(Caption-style text data)
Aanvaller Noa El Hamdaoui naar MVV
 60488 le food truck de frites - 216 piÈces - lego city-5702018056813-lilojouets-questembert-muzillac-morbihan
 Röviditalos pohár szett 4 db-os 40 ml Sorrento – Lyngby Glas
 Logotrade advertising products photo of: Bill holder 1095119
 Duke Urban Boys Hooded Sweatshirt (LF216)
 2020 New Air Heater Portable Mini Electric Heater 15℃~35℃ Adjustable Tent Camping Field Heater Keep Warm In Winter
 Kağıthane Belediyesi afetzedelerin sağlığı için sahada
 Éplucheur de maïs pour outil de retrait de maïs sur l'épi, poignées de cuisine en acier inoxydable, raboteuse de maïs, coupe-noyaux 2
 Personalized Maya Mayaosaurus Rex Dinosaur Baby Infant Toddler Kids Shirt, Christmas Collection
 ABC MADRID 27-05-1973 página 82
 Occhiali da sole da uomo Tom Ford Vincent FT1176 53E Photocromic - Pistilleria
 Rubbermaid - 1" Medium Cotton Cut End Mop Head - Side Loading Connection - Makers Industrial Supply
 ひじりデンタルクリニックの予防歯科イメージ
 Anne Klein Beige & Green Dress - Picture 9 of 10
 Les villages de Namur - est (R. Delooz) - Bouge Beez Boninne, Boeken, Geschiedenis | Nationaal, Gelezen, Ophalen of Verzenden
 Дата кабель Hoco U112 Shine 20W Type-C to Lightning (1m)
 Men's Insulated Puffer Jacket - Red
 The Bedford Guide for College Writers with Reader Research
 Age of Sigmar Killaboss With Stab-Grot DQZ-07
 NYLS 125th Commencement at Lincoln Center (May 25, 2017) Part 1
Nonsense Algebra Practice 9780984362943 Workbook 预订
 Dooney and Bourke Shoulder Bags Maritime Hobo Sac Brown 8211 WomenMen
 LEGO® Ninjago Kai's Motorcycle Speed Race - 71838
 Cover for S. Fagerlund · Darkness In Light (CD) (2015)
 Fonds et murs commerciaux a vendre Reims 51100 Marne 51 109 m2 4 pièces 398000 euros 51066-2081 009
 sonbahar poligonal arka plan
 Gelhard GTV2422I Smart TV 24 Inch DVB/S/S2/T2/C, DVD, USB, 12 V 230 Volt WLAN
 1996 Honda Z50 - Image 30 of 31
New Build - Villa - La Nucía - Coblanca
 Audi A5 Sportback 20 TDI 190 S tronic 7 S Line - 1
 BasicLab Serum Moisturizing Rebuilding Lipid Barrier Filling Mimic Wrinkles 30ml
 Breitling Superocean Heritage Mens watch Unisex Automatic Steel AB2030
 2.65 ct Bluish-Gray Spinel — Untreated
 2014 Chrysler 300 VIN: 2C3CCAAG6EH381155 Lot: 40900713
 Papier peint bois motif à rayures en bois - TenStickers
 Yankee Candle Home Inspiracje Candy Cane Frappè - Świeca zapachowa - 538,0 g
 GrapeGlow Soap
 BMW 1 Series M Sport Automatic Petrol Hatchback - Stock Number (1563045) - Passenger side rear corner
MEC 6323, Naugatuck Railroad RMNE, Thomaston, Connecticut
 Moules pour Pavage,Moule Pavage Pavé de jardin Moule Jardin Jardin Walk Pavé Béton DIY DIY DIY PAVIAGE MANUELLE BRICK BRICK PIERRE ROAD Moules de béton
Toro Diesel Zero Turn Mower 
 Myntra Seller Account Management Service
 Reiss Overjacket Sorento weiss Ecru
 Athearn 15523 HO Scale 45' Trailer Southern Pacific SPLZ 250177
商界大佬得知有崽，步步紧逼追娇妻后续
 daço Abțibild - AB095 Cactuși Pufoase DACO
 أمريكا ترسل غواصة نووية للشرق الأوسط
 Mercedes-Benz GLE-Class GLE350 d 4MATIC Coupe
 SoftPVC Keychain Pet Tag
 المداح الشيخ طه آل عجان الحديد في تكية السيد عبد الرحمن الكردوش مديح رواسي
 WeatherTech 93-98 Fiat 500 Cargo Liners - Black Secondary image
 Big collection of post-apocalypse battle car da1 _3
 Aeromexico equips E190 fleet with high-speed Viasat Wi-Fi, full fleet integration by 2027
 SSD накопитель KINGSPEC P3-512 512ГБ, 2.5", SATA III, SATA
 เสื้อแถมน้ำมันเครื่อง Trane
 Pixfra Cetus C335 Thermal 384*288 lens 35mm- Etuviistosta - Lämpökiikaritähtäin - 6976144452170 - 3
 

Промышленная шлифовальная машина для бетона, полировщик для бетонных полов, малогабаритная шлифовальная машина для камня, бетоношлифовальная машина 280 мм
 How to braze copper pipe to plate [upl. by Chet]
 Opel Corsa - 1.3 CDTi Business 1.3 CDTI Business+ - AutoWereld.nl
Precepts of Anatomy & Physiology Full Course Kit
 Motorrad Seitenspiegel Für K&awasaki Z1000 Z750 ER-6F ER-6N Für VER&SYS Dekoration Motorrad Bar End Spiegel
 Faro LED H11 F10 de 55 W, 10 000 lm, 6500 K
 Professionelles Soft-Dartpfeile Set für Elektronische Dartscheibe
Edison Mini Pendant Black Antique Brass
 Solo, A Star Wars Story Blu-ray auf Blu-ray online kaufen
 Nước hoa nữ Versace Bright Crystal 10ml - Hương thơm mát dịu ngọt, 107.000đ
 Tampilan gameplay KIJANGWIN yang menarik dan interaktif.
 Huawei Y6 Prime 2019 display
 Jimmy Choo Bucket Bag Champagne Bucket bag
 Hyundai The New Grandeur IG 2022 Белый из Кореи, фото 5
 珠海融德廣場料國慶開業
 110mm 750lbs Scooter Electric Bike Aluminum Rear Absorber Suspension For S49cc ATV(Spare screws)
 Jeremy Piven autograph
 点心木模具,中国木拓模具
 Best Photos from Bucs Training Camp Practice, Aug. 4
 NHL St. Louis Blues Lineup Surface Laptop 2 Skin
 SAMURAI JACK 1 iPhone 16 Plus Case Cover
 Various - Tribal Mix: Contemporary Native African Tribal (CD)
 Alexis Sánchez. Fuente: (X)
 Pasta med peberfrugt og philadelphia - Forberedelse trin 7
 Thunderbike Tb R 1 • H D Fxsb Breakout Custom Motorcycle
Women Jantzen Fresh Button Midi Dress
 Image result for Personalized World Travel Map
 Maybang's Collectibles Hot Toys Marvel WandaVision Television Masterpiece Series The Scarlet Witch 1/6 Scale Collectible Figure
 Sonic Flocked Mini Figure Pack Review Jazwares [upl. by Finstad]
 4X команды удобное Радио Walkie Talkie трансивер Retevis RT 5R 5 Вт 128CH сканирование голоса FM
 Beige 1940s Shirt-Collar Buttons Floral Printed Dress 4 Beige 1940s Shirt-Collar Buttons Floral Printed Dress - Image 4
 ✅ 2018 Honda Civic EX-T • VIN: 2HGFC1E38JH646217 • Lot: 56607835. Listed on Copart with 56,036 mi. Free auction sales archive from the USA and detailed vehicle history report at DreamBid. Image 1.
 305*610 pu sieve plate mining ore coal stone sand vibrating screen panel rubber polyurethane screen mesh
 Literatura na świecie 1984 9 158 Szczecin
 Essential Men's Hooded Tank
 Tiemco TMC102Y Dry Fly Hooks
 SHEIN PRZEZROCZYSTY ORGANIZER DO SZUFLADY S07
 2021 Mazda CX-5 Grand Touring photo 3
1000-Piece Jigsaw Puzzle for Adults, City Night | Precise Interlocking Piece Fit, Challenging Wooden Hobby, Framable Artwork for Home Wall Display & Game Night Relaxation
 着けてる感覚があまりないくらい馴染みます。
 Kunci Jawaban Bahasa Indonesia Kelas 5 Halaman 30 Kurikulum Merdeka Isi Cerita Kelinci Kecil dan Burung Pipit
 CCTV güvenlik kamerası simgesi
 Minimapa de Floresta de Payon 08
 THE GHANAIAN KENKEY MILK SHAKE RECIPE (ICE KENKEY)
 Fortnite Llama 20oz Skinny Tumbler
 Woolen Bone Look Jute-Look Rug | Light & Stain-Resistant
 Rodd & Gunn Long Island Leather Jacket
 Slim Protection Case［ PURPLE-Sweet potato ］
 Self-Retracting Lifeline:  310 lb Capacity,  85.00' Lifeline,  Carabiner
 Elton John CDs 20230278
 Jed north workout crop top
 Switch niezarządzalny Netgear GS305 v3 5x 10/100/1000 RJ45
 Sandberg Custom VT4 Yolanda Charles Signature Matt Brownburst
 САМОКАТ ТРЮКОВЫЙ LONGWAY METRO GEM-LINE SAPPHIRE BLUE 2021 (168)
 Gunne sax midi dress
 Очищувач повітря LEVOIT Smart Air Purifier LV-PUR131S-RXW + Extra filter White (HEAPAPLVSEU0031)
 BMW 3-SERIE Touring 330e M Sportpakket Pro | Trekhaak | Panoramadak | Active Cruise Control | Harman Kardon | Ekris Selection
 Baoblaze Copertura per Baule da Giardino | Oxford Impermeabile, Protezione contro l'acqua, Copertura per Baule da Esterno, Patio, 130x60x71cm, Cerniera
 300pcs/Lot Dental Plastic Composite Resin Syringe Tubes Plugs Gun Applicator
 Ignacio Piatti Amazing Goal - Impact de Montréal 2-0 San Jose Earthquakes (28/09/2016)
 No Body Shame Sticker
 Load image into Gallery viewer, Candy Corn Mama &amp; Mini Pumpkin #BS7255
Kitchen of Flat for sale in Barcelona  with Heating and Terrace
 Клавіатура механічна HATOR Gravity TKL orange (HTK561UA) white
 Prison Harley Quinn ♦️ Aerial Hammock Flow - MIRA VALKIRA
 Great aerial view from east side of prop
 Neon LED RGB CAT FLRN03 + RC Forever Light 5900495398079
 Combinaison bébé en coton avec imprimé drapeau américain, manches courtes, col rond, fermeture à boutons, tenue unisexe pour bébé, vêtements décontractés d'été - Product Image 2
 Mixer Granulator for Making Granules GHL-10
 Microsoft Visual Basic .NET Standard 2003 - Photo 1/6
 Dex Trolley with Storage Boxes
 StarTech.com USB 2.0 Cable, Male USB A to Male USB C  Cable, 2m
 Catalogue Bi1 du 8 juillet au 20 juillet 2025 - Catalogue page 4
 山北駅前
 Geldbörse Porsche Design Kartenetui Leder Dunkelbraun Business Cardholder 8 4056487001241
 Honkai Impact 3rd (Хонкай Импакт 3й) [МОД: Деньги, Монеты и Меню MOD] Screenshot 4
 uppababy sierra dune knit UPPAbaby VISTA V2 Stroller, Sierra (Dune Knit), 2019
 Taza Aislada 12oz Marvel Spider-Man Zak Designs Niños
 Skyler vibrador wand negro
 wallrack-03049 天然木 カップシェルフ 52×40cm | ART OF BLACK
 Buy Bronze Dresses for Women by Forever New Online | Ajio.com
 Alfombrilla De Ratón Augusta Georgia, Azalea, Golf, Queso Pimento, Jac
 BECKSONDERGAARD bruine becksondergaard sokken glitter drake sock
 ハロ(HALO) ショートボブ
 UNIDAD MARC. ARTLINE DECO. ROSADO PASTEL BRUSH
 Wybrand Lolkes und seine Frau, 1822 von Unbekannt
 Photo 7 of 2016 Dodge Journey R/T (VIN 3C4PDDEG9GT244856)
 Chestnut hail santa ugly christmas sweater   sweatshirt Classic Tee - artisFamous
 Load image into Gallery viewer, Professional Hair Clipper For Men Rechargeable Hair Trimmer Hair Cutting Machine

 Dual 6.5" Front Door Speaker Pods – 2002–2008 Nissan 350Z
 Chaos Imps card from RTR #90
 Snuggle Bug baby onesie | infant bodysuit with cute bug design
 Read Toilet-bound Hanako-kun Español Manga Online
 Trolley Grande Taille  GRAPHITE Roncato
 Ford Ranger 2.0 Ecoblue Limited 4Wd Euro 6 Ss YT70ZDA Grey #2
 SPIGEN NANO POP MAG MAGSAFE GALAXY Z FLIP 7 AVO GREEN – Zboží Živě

Exercise aim
Working through the records above, copy each line in which "Beige" is found.

Worked solution
 Anne Klein Beige & Green Dress - Picture 9 of 10
 Beige 1940s Shirt-Collar Buttons Floral Printed Dress 4 Beige 1940s Shirt-Collar Buttons Floral Printed Dress - Image 4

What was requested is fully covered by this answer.